> Your task:
Because the copy must hold no pictures, return the data below with all of its words intact.

> Given data:
⟨

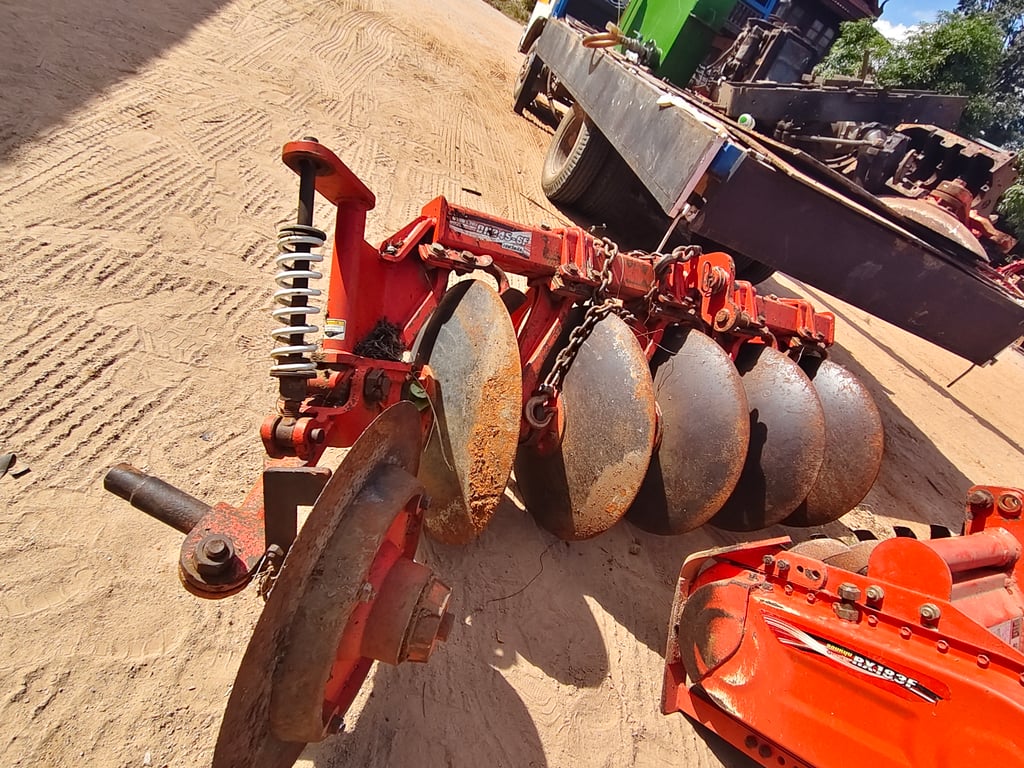 ขาย ผาน 5*24ตราช้างDP245-6F มือ2 ราคา 18,500 บาท ขาย ผาน 5*24ตราช้างDP245-6F มือ2 ราคา 18,500 บาท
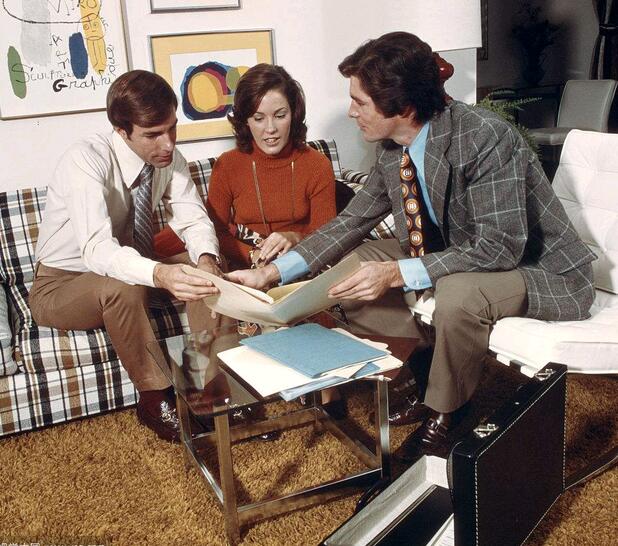 以为老了有一笔养老金,现在才发现是假的,结果万能险并不万能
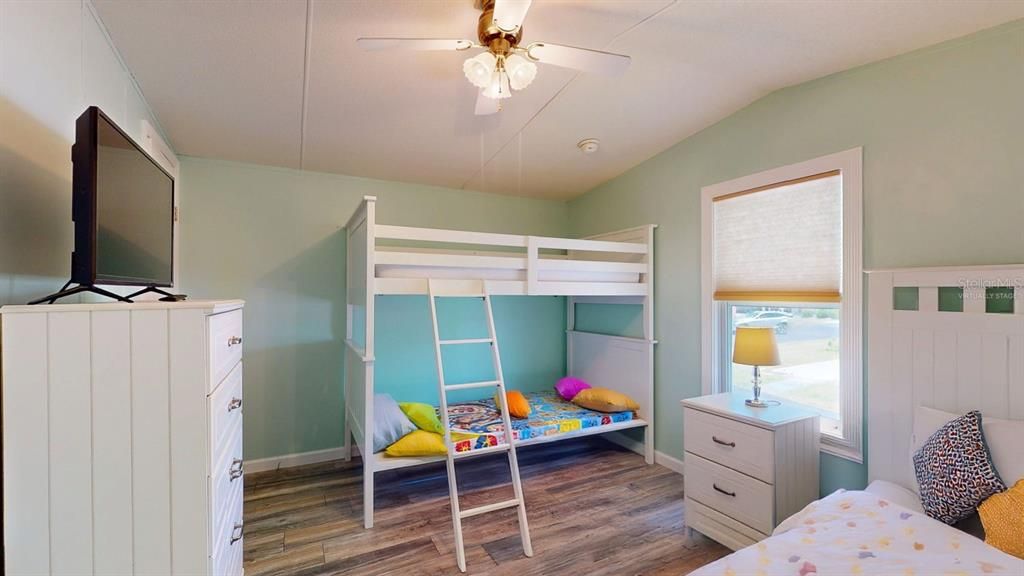 В аренду: $1,750 (2 спален, 2 ванн, 924 Квадратных фут)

⟩

> Task result:
 ขาย ผาน 5*24ตราช้างDP245-6F มือ2 ราคา 18,500 บาท ขาย ผาน 5*24ตราช้างDP245-6F มือ2 ราคา 18,500 บาท
 以为老了有一笔养老金,现在才发现是假的,结果万能险并不万能
 В аренду: $1,750 (2 спален, 2 ванн, 924 Квадратных фут)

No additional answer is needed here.